Horacio Rosatti is a lawyer and notary public from the Universidad del Litoral. He also has an extensive academic career and was mayor of the city of Santa Fe between 1995 and 1999, and Justice Minister under Néstor Kirchner’s government between 2004 and 2005.
Justice Minister Germán Garavano justified the appointment, saying that the Constitution “is very clear” in stating that this procedure may be used when Congress is in recess, and adding that “they are two completely independent judges (…), despite being ‘in commission’ they will not do whatever the Government asks.”
However, the government was widely criticised for exercising a mechanism that has never been implemented in democratic times to appoint Supreme Court judges. Radical politician and former judge, Ricardo Gil Lavedra, said that “the constitutional norm that was used is indefensible before the reach of the principle of judicial independence.” Though he recognised being friends with one of the new judges, he added that they “are not independent” because they will be “Macri’s judges, they depend on him for their appointment as well as for their removal.”

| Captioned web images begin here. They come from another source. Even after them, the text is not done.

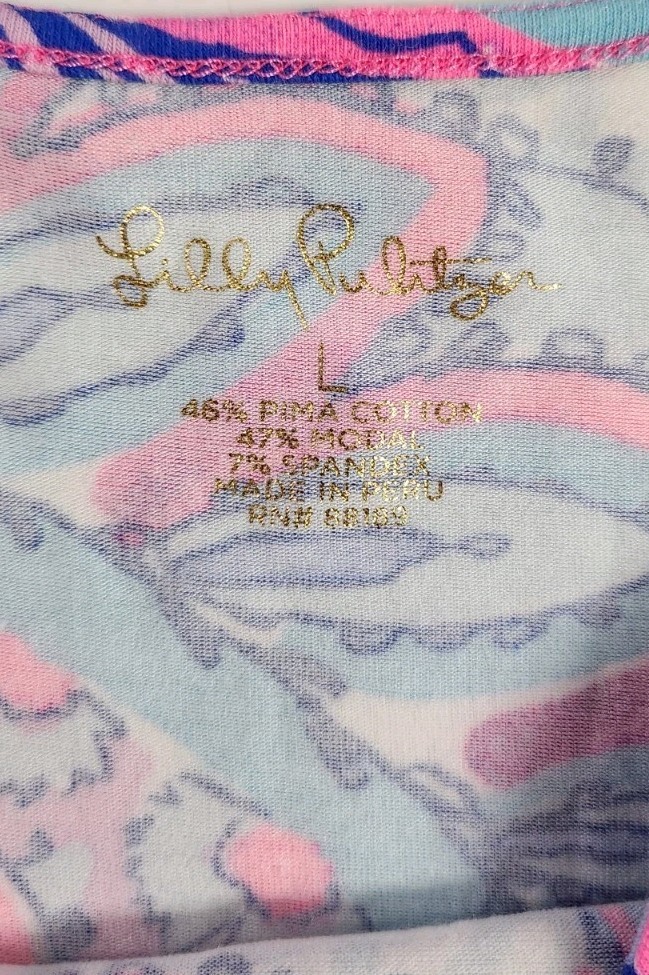 Women’s Sz L Lilly Pulitzer Bright Tropical Paisley Long Sleeve Top Stretch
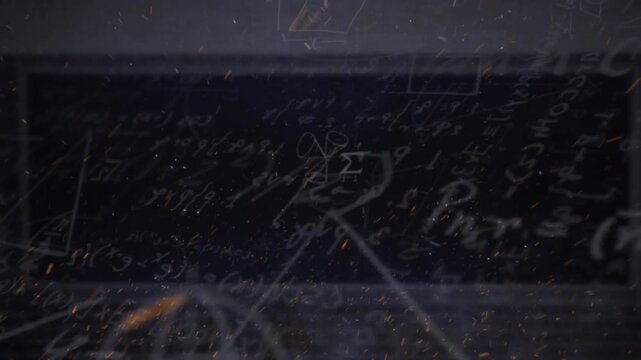 Animation of fire sparks over mathematical equations and diagrams against black background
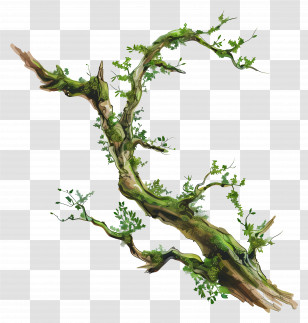 Tree Branch Moss - Moss-Covered Forest Tree Branch Transparent PNG
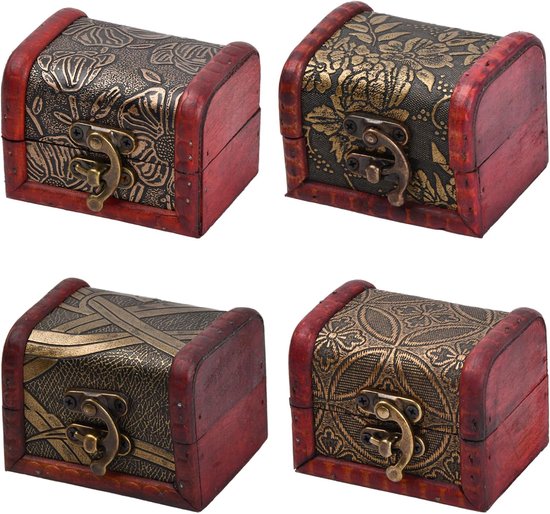 4 Pcs Mini Piraten Schatkisten, Vintage Houten Schatkist, Antiek Ontwerp, Kleine Schatkist Voor Kinderen, Gouden Munten, Edelstenen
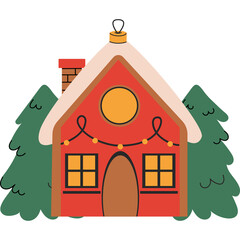 Cartoon Red Christmas House with Green Trees and Twinkling Lights Festive Holiday Decoration Vector Illustration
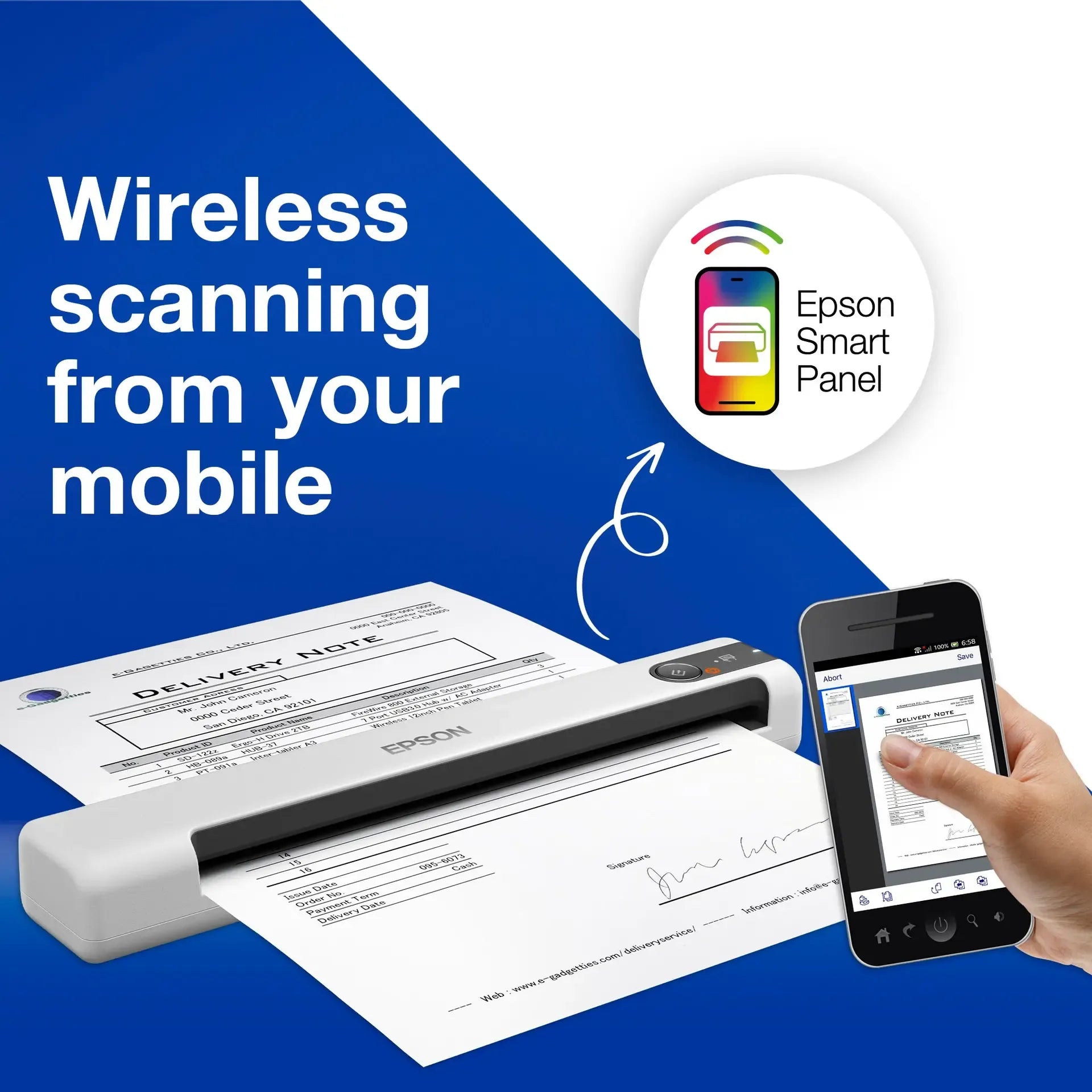 Epson WorkForce DS-80W-Mobile; A4; 600x600DPI; Daily Duty Cycle 300 pages. Scan Passport; cards;WiFi. Battery - image 2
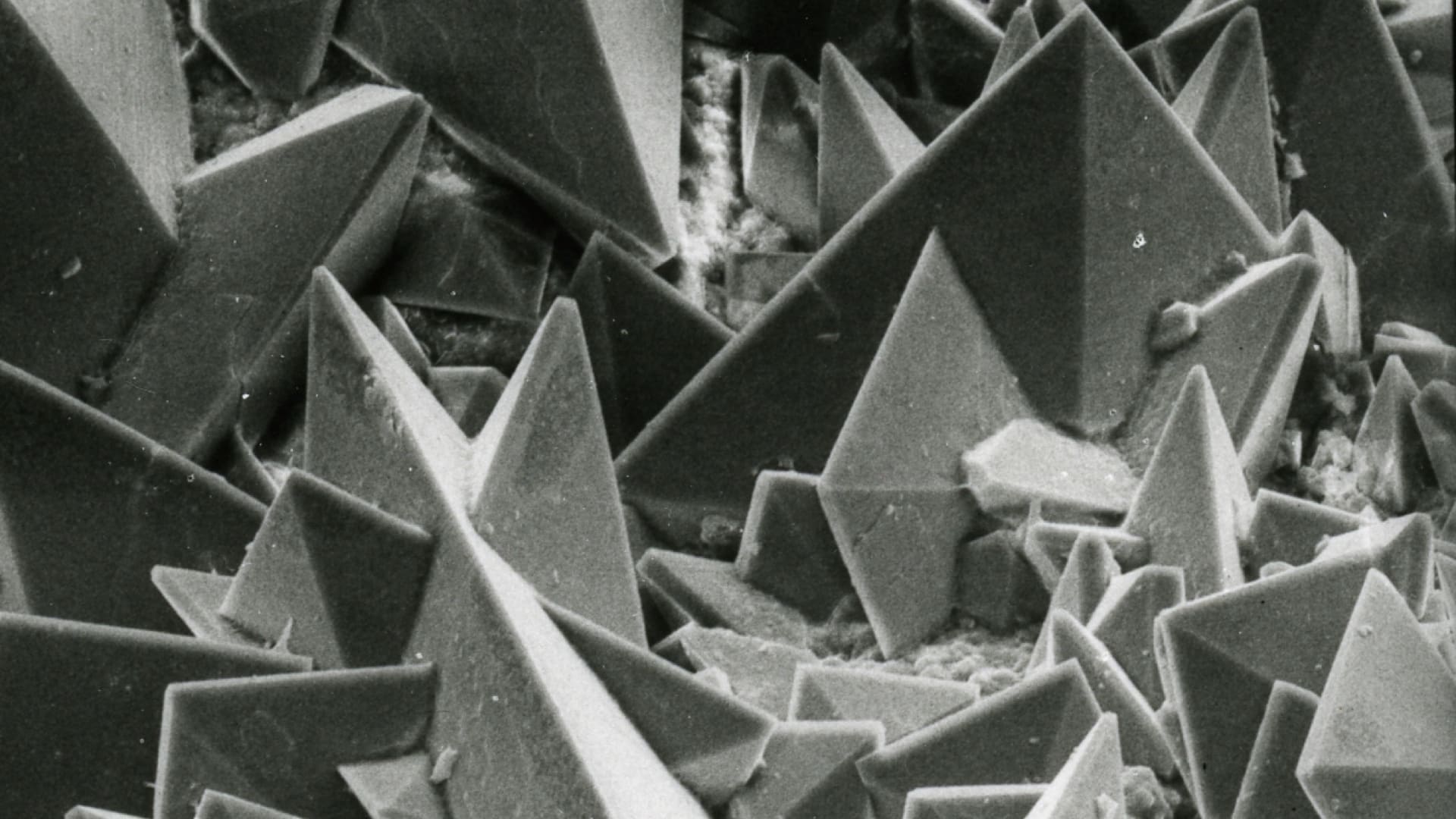 black and white image of sharp shapes
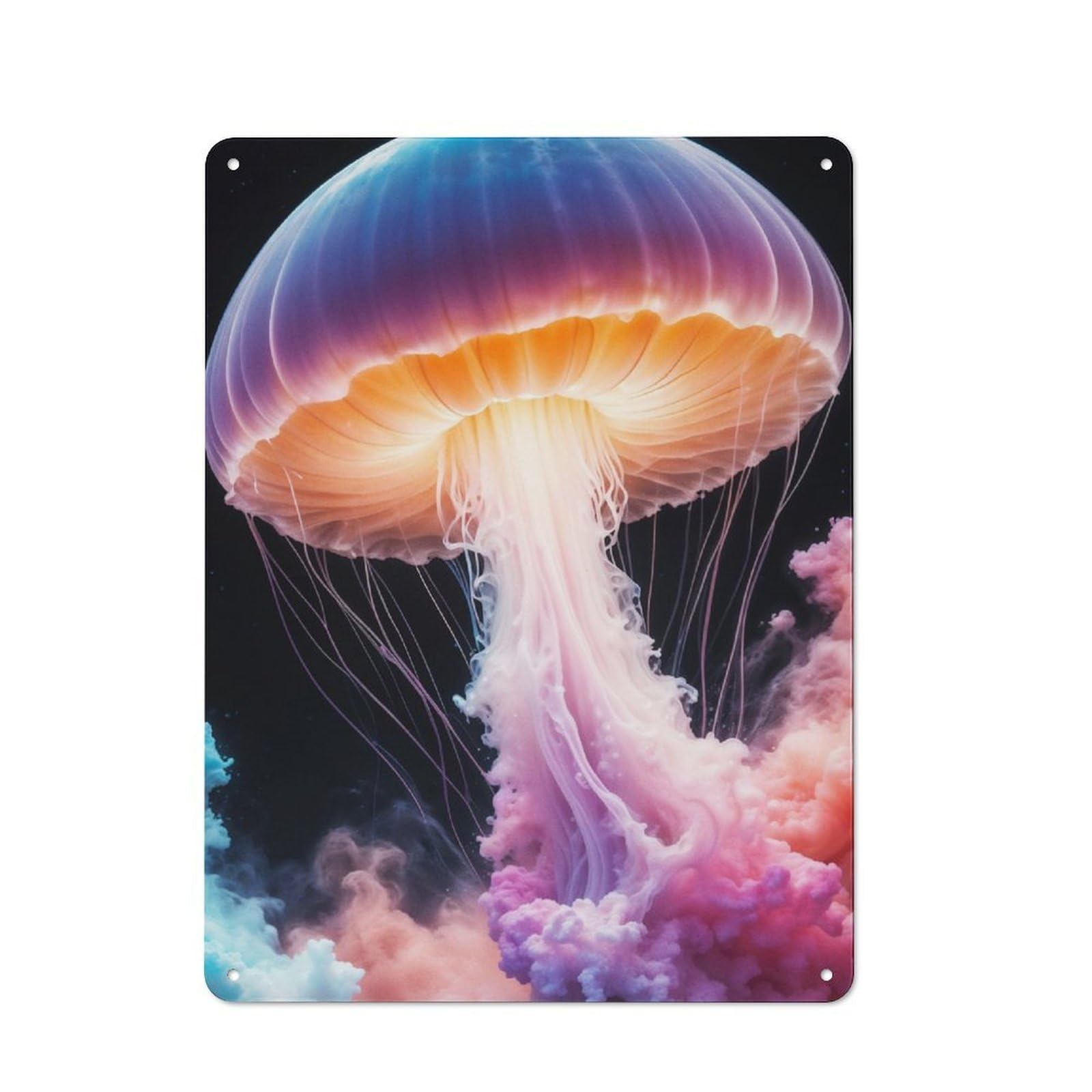 Vintage Metal Plaque 40x30cm Featuring Radiant Jellyfish in Ethereal Colors for Home Bar Wall, A Metal Wall Feature for Home Bars And Entertaining Spaces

Legislator and former presidential candidate Margarita Stolbizer called the appointment “a scandal, a huge setback.”
Former Supreme Court judges Fayt and Zaffaroni resigned on 10th December 2015 and 31st December 2014 respectively. The previous administration proposed replacements for both judges, but the then-opposition made a pact refusing to approve any candidate presented by ex-President Cristina Fernández.